(Image-text web data)

[Start of section]

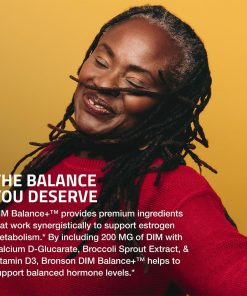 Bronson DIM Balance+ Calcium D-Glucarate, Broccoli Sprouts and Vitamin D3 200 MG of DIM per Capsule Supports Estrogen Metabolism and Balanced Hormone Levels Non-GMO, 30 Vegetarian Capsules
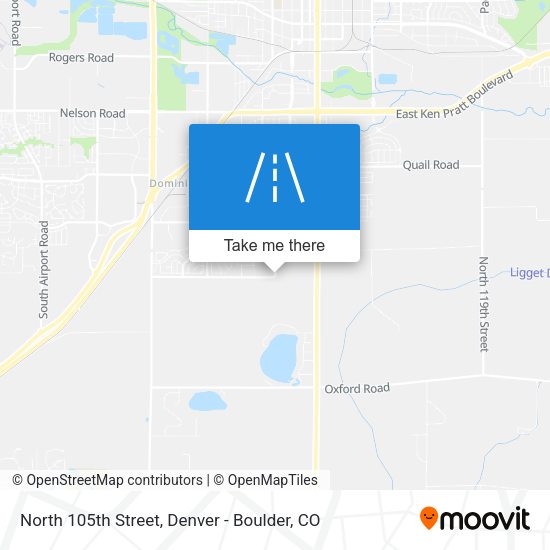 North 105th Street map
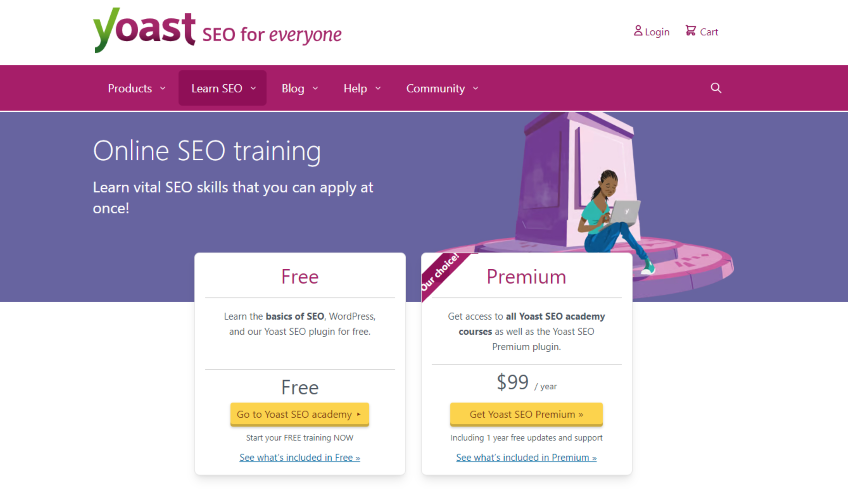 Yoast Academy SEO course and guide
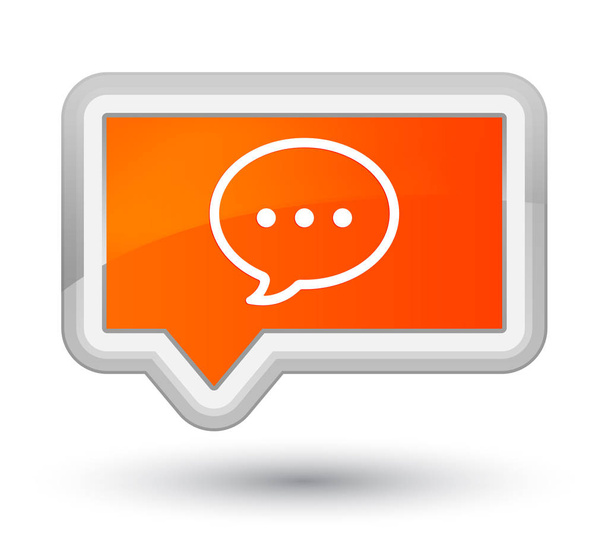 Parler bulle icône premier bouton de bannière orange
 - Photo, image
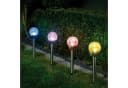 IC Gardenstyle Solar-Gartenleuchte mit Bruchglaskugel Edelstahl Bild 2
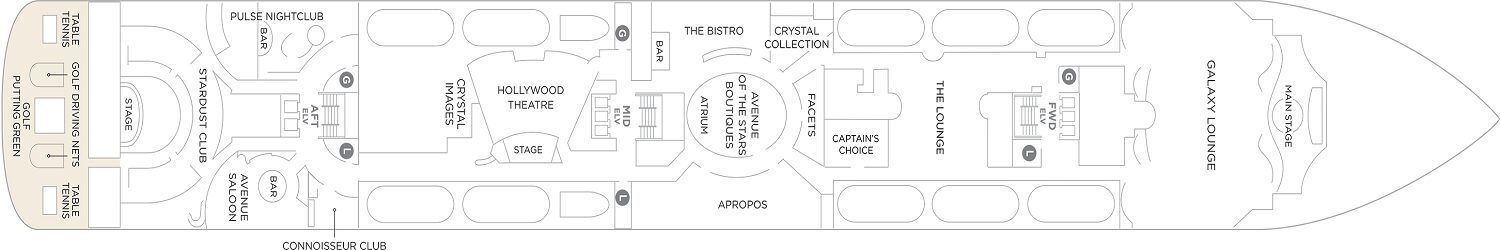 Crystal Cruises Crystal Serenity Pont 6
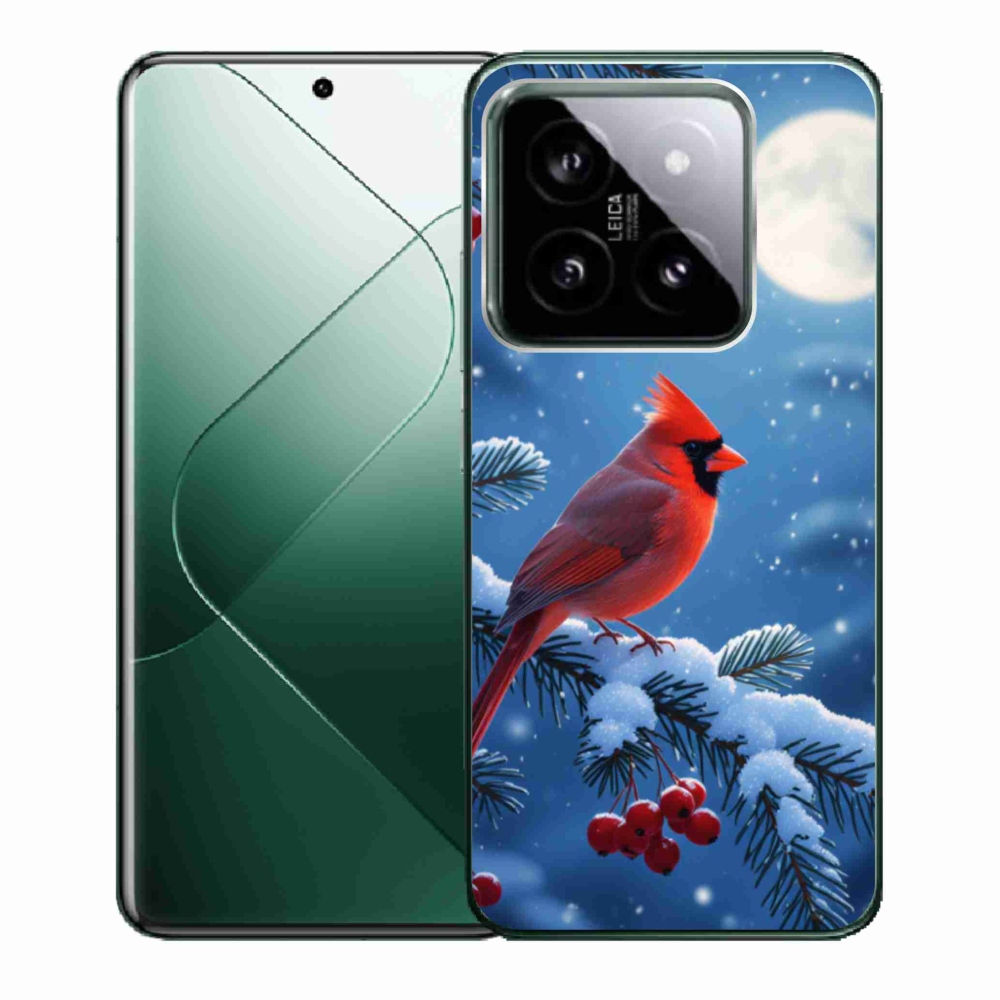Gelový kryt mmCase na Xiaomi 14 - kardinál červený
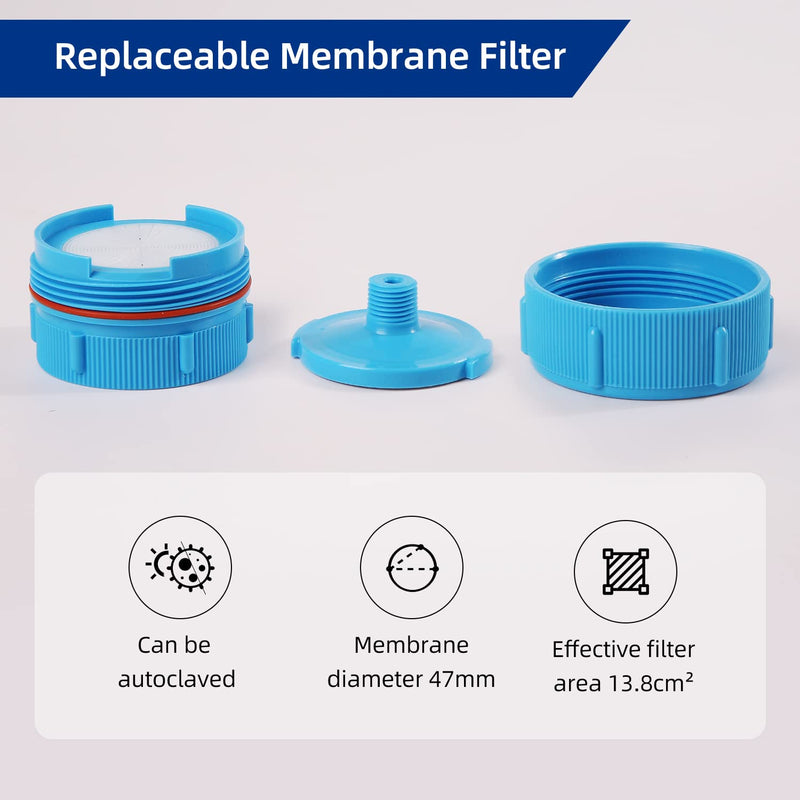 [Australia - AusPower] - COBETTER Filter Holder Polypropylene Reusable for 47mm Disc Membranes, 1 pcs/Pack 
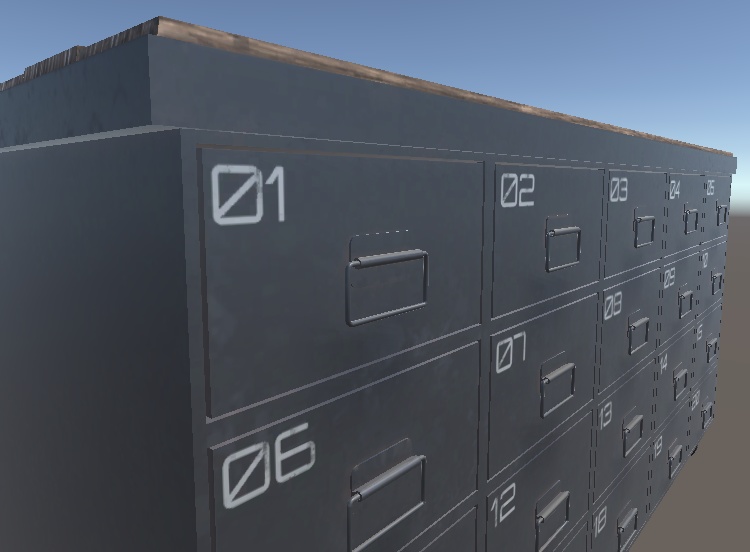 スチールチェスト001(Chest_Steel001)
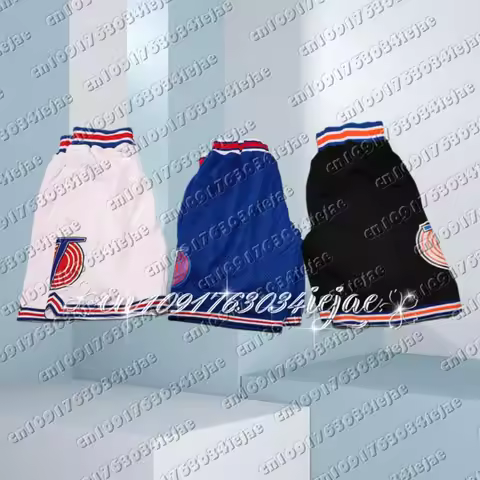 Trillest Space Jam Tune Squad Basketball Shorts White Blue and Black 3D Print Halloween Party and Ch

[End of section]

- _Problem to solve_
Precisely those lines above that run from the line with "Parler bulle icône" up to and including the line with "Gelový kryt mmCase" are to be set down, with the pictures omitted.

- _Answer_
 Parler bulle icône premier bouton de bannière orange
 - Photo, image
 IC Gardenstyle Solar-Gartenleuchte mit Bruchglaskugel Edelstahl Bild 2
 Crystal Cruises Crystal Serenity Pont 6
Gelový kryt mmCase na Xiaomi 14 - kardinál červený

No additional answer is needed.